After quality control (QC) steps as described in the methods, 10 patients (65 primary tumor and 16 LN metastatic samples) had sufficient data for phylogenetic analyses. All patients in the analytic cohort exhibited adverse pathological characteristics, including cribriform, single cell, or solid cell pattern in at least one tumor focus. A total of eight patients had EPE, one demonstrated SVI and four showed evidence of lymphovascular invasion (LVI). We noted substantial transcriptomic heterogeneity, including discordant-derived prognostic gene signature scores both within lesions and between lesions in the same patient (Fig. 1). Recurrent CNAs were assessed from targeted NGS data using an approach that was previously benchmarked to fluorescence in situ hybridization (FISH), comparative genomic hybridization (CGH) array, and whole exome sequencing (WES) data, showing a high degree of concordance among these approaches23. In a subset of samples in our cohort (n = 8 samples; from patient #1), we also performed low-pass whole genome sequencing (LPWGS) and found high concordance with recurrent CNAs identified using targeted DNA NGS such as 8p loss and 8q gain (Fig. S2). TMPRSS2:ERG fusion transcripts were identified in four patients and the SLC45A3:ERG fusion transcripts were detected in one patient (Fig. 1, Fig. S1). Phylogenetic analyses were performed with R phangorn package using neighbor joining method to computationally reconstruct the clonal evolution of prostate cancer and determine the likely clonal origin of LN metastasis for each patient (Fig. 2, S3-10)19,24. Additionally, we utilized PhyloWGS as an orthogonal method to generate phylogenetic reconstructions in a subset of patients (n = 3) and observed generally concordant results (Fig. S3 and Fig. 2). Our data reveal several possible histopathologic and molecular factors associated with disease spread as described below.

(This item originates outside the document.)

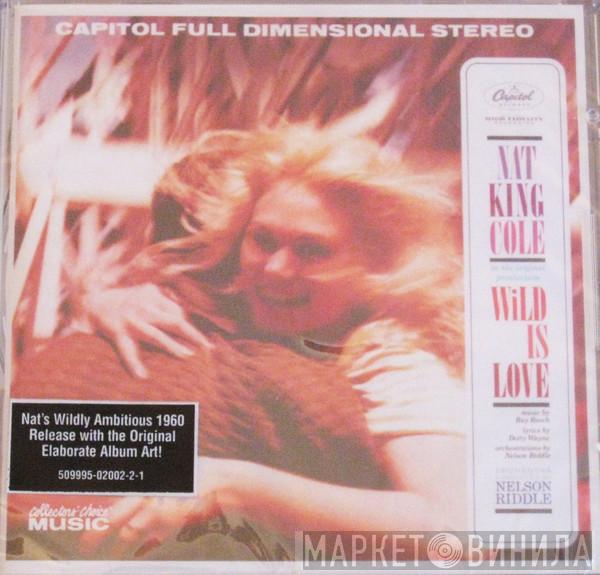  Nat King Cole  - Wild Is Love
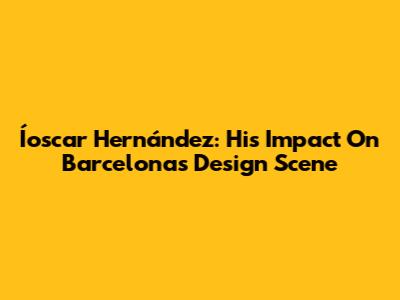 Íoscar Hernández: His Impact On Barcelona's Design Scene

Fig. 2: Phylogenetic evolutionary analysis to determine the biologically dominant nodule.
figure 2

Source data are provided as a Source Data file. A. Spatial spread linked to extra-prostatic extension (EPE). Left panel: In patient #1, 5 primary and 2 LN regions encompassing Grade Groups (GG) 2-5 were analyzed. We identified three distinct molecular subtypes. Middle panel: All tumor regions, including the two LN metastases regions, were TMPRSS2:ERG fusion-positive and with heterogeneous prognostic gene signatures. Right panel: TP53 somatic mutation was detected on all tumor regions, except for P5. Key chromosomal alterations, such as 8p loss and 8q gain, were only detected in regions P1, P2, LN1, LN2. Here, the data suggest that primary tumor regions P1, P2 closely resemble LN1, LN2. Additionally, P5 represents a distinct subclone unrelated to other primary regions or LNs. B. Driver alterations in metastasis to LN. Left panel: In patient #33, 8 primary tumor (GG1-5) and 1 LN metastasis region were analyzed. Gray regions (P4,7,8) designate those with low tumor purity that were excluded. We identified three molecular subtypes. Middle panel: All regions were ETS fusion negative except for P1, P8. P4, P7, and P8 regions were excluded due to low tumor content. Right panel: An SPOP mutation was detected only in P1. Driver alterations: FOXA1, ATM frameshift mutations were detected in regions P2, P3, P5, P6, LN1. RB1 loss and MYC gain were seen in P2, P3, P6, and LN1, but not P5. Here, data suggest that primary regions P2, P3, P6, all GG5 regions with cribriform patterns, closely resemble LN1. C. LN metastasis in multiclonal primary disease. Left panel: In patient #41, 4 primary (GG2-5) and 1 LN metastasis region were analyzed. P1, a region of EPE, was taken from the mid prostate and P2-P4 was taken prostate base. We identified three distinct tumor clones. Middle panel: All samples except P3 and P4 were TMPRSS2:ERG fusion-positive. Right panel: P4 had a FOXA1 somatic mutation which was not seen in other regions. Here, data suggest that primary region P1 closely resembles LN1, as both are TMPRSS2:ERG fusion-positive and harbor PTEN loss.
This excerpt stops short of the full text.